Design Twitter - Interview Tips
Interview Approach Strategy
Step 1: Requirements Clarification (5-10 minutes)
Essential Questions to Ask
Functional Requirements:
- "What are the core features? Just tweets and timelines, or also DMs, search, trending?"
- "Do we need to support media (images, videos)?"
- "Should we implement retweets, likes, and replies?"
- "Do we need real-time notifications?"
Scale Requirements:
- "How many users are we designing for? 100M, 500M, 1B?"
- "How many tweets per day? 100M, 500M, 1B?"
- "What's the read-to-write ratio? 100:1, 1000:1?"
- "What's the acceptable latency for timeline loads?"
Non-Functional Requirements:
- "What's the availability requirement? 99.9%, 99.99%?"
- "Do we need to support multiple regions?"
- "Are there any compliance requirements (GDPR, CCPA)?"
- "What's the budget constraint?"Sample Clarification Dialog
Interviewer: "Design Twitter"
You: "Great! Let me clarify the requirements:
Core Features:
- Users can post tweets (280 characters)
- Users can follow other users
- Users see a timeline of tweets from people they follow
- Users can like, retweet, and reply to tweets
- Should I include DMs, search, and trending topics?
Scale:
- Are we targeting Twitter's scale (500M users, 200M DAU)?
- Should I assume 500M tweets per day?
- Is the read-to-write ratio around 100:1?
Performance:
- Is <1 second timeline load acceptable?
- Should tweet posting be <200ms?
- Do we need real-time updates or is 5-second delay okay?
Interviewer: "Yes, focus on core features. Twitter scale is good.
Real-time is nice-to-have but not critical."

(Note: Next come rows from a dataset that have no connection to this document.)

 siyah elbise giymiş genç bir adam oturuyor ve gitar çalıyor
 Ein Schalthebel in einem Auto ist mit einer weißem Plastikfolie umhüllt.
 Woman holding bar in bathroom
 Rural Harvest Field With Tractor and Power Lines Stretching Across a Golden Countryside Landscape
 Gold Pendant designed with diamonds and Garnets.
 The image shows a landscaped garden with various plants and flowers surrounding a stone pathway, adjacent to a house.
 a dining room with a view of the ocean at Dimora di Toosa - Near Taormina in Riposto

You: "Perfect! Let me start with high-level architecture..."Step 2: Back-of-the-Envelope Calculations (5 minutes)
Calculate Scale
Users:
- Total users: 500M
- DAU: 200M (40%)
- Average followers: 200
Tweets:
- Tweets per day: 500M
- Tweets per second: 500M / 86400 = ~6K TPS
- Peak TPS: 3x = 18K TPS
Timeline Requests:
- Each user checks timeline 10 times/day
- Total requests: 200M × 10 = 2B requests/day
- Requests per second: 2B / 86400 = ~23K RPS
- Peak RPS: 3x = 70K RPS
Storage:
- Tweet size: 200 bytes (text) + 500 bytes (metadata) = 700 bytes
- Daily storage: 500M × 700 bytes = 350GB/day
- With media (50% have media, avg 200KB): 250M × 200KB = 50TB/day
- Total: ~50TB/day
Bandwidth:
- Ingress: 50TB/day = 580MB/s
- Egress: 2B requests × 50 tweets × 700 bytes = 70TB/day = 810MB/s
- With CDN: 85% offload, origin serves 120MB/sPro Tip: Write these calculations on the whiteboard. Shows you understand scale and can do quick math.

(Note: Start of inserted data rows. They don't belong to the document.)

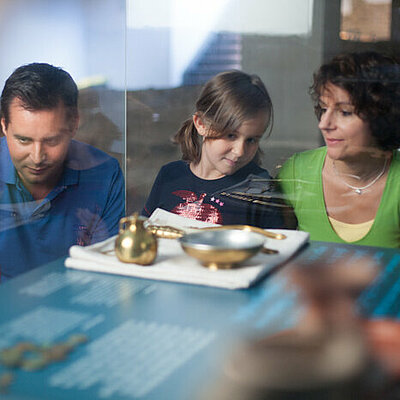 Familie hockt vor einer Beschreibungstafel für Badeutensilien in der Römerzeit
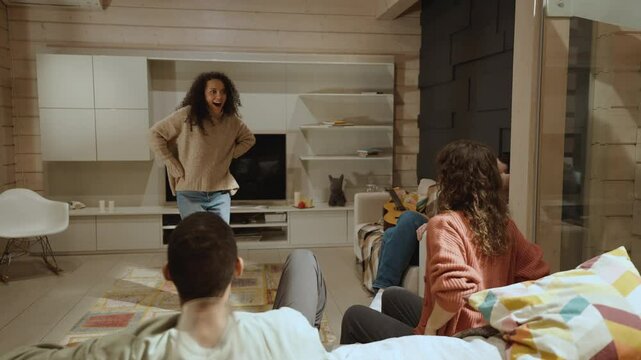 Four adults, including a White man and a multiracial group, play a guessing game in a modern living room. One woman performs in front of the others, reacting and pointing indoors.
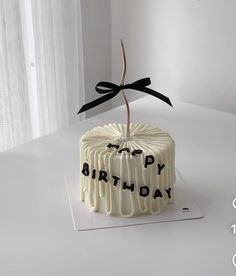 a birthday cake with the words happy birthday written on it and a black ribbon tied to top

Step 3: High-Level Design (10-15 minutes)
Start Simple
Step 1: Basic Architecture
┌─────────┐ ┌─────────┐ ┌─────────┐
│ Clients │────▶│ API │────▶│Database │
└─────────┘ │ Gateway │ └─────────┘
└─────────┘
Step 2: Add Core Services
┌─────────┐ ┌─────────┐ ┌──────────┐ ┌─────────┐
│ Clients │────▶│ API │────▶│ Tweet │────▶│Database │
└─────────┘ │ Gateway │ │ Service │ └─────────┘
└─────────┘ └──────────┘
│
▼
┌──────────┐
│ Timeline │
│ Service │
└──────────┘
Step 3: Add Caching and Queues
[Full architecture with cache, message queue, CDN, etc.]Pro Tip: Draw incrementally. Don't overwhelm with complexity upfront.
Key Components to Mention
1. API Gateway: Authentication, rate limiting, routing
2. Tweet Service: Create, read, delete tweets
3. Timeline Service: Generate personalized timelines
4. Fan-out Service: Distribute tweets to followers
5. User Service: User profiles and authentication
6. Social Graph Service: Follow relationships
7. Media Service: Handle images and videos
8. Search Service: Full-text search
9. Notification Service: Push notifications
10. Cache Layer: Redis for performance
11. Message Queue: Kafka for async processing
12. CDN: Media deliveryStep 4: Deep Dive (15-20 minutes)
Critical Design Decisions
Decision 1: Fan-out Strategy
Interviewer: "How do you deliver tweets to followers?"
Strong Answer:
"I'd use a hybrid fan-out approach:
For regular users (<10K followers):
- Fan-out on write (push model)
- Pre-compute timelines when tweet is posted
- Fast reads, slower writes
- Store in timeline table partitioned by user_id
For celebrity users (>1M followers):
- Fan-out on read (pull model)
- Fetch tweets on-demand when timeline requested
- Fast writes, slower reads
- Cache aggressively to mitigate read cost
For medium users (10K-1M):
- Partial fan-out to active followers only
- Pull for inactive followers
This balances write and read performance across different user types."Decision 2: Database Choice
Interviewer: "What database would you use?"
Strong Answer:
"I'd use polyglot persistence:
Cassandra for tweets and timelines:
- High write throughput (6K TPS)
- Time-series data model
- Horizontal scalability
- Partition by tweet_id or user_id
PostgreSQL for user data:
- ACID compliance for critical data
- Relational model for user profiles
- Master-replica for read scaling
Redis for caching:
- In-memory for fast access
- Cache timelines, user profiles, social graph
- 90%+ cache hit rate target
This optimizes for each data access pattern."Decision 3: Handling Celebrity Users
Interviewer: "What if a user has 150M followers?"
Strong Answer:
"This is the 'hot user problem'. Solutions:
1. Skip fan-out for celebrity users:
- Don't write to 150M timelines
- Fetch celebrity tweets on-demand
- Merge with pre-computed timeline
2. Separate infrastructure:
- Dedicated cache for celebrity tweets
- Higher cache TTL (24 hours vs 5 minutes)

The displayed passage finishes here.